● **Description of the task**:
Every line of the records below that holds the word "auction" should be copied out.

Short descriptive text snippets:
__________
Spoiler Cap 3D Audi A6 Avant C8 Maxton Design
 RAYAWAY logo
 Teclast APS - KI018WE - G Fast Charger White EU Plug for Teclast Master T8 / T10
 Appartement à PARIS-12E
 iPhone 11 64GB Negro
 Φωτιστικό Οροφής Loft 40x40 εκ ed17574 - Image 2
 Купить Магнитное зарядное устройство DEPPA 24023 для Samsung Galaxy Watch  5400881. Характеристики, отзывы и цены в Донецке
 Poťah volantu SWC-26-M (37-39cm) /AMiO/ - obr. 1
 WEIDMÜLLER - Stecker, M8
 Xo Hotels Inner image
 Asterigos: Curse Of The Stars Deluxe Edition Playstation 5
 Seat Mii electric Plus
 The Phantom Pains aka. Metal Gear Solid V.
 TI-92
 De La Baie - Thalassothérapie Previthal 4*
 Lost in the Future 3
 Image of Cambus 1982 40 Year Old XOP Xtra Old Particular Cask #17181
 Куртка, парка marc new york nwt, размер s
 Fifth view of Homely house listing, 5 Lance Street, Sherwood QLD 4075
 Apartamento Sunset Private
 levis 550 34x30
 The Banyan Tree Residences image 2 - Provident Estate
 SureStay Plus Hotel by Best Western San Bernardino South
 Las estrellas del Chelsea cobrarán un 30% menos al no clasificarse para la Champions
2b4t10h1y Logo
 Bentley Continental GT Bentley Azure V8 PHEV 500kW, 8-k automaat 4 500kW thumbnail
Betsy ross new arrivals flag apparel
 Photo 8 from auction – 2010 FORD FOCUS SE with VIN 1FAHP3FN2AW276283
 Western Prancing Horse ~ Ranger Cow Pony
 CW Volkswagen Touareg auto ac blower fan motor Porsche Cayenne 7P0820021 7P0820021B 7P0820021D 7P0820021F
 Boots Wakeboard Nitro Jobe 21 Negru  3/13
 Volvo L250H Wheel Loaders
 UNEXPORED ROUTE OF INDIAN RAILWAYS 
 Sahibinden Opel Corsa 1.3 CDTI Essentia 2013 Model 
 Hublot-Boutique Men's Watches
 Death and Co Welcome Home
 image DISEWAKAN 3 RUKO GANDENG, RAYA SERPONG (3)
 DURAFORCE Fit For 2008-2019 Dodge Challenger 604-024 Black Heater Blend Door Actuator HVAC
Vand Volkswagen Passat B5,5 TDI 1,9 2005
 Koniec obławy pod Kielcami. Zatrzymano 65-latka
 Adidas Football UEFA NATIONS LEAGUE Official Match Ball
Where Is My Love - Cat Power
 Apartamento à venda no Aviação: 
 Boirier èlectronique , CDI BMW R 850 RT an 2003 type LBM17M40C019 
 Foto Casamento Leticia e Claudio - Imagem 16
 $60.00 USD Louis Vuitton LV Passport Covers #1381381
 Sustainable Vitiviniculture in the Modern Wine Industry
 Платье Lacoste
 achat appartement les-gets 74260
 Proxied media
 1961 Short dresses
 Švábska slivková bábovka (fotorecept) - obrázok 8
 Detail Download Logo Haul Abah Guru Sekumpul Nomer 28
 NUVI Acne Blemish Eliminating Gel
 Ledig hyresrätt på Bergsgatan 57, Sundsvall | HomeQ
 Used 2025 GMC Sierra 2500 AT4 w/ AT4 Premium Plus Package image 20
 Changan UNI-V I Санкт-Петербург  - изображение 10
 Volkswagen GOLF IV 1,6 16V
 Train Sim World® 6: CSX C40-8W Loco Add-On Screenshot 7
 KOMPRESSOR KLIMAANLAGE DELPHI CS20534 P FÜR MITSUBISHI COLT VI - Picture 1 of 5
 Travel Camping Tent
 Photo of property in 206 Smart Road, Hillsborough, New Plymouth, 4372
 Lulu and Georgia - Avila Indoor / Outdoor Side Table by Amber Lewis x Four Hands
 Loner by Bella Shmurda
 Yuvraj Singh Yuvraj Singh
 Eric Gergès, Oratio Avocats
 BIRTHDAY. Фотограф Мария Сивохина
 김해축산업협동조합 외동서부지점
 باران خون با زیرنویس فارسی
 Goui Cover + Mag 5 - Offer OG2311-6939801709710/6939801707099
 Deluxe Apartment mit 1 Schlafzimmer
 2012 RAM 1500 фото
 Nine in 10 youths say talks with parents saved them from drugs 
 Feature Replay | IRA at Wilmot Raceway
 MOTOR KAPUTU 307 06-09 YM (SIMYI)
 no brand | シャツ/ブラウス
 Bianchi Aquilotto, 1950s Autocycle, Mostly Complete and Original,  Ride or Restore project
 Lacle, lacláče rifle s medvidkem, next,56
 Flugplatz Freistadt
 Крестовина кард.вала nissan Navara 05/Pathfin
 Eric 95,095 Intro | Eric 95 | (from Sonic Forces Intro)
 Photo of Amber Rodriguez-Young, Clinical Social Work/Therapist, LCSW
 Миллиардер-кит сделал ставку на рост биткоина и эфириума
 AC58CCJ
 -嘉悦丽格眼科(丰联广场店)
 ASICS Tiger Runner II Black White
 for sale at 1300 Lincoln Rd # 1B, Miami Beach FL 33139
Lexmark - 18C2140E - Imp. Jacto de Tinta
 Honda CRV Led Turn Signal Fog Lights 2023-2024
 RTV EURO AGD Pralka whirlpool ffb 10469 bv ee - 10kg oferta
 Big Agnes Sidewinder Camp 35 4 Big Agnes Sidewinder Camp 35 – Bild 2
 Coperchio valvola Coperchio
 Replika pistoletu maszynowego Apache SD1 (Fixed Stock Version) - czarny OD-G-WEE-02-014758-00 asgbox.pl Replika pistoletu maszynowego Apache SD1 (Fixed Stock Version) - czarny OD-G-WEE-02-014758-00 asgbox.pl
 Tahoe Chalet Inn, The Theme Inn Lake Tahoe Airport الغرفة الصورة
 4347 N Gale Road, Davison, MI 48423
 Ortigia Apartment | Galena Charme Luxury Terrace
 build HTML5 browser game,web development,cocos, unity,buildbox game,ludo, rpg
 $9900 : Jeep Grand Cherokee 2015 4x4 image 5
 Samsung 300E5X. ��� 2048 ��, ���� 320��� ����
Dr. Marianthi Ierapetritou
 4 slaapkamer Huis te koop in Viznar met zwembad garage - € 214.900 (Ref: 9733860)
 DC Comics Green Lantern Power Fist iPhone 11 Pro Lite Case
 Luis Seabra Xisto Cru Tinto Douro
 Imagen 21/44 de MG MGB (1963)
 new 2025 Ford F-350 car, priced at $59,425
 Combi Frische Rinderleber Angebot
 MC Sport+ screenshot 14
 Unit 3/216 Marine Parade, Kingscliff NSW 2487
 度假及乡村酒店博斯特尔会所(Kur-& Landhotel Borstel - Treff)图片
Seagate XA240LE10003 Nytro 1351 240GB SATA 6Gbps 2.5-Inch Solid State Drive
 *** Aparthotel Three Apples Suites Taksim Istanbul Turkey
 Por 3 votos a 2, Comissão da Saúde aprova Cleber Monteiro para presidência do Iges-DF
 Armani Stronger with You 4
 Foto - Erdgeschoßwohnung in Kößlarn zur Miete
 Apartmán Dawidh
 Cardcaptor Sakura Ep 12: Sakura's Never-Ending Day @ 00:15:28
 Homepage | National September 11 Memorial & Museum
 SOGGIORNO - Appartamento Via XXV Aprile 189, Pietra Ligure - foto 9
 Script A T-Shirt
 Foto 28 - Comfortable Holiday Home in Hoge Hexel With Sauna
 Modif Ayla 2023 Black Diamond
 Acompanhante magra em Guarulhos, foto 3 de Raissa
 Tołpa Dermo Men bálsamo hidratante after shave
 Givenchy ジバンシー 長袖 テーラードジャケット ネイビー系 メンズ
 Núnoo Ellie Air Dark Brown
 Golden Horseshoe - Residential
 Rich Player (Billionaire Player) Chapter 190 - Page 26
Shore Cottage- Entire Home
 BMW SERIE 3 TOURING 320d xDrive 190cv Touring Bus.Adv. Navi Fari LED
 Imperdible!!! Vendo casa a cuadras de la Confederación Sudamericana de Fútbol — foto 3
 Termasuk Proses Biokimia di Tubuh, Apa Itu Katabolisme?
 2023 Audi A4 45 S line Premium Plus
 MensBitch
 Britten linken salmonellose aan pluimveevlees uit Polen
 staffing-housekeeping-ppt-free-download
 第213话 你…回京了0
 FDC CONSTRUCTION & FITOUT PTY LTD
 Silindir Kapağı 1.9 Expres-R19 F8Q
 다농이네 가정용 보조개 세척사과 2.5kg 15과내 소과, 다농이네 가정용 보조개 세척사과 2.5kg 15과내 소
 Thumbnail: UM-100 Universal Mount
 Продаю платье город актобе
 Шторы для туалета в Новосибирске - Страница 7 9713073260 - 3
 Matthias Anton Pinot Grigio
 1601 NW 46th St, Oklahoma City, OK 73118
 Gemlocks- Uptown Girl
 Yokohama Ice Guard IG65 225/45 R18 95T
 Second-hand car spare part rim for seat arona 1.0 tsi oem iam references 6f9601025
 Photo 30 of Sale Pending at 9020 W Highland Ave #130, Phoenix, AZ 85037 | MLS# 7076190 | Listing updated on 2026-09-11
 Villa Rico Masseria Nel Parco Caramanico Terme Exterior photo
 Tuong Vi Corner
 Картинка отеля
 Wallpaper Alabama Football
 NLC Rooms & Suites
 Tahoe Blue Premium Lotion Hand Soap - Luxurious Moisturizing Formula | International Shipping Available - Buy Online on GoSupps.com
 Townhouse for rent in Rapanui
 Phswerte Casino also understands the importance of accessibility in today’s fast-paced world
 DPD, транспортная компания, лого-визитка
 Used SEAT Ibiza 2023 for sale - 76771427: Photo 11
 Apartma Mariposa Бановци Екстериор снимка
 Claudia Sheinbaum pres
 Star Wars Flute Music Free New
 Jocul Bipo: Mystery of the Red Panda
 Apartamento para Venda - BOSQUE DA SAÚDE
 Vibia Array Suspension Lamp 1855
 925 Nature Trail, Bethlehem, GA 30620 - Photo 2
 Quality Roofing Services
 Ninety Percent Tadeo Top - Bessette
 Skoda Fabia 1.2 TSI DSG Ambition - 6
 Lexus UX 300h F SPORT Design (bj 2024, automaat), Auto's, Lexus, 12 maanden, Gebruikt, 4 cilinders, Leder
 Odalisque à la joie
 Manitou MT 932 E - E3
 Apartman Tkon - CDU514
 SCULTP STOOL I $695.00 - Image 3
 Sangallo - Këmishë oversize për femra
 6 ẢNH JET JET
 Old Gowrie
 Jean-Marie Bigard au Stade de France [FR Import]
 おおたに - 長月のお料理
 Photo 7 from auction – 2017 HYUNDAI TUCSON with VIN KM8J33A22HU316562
__________
● **Response below**:
 Photo 8 from auction – 2010 FORD FOCUS SE with VIN 1FAHP3FN2AW276283
 Photo 7 from auction – 2017 HYUNDAI TUCSON with VIN KM8J33A22HU316562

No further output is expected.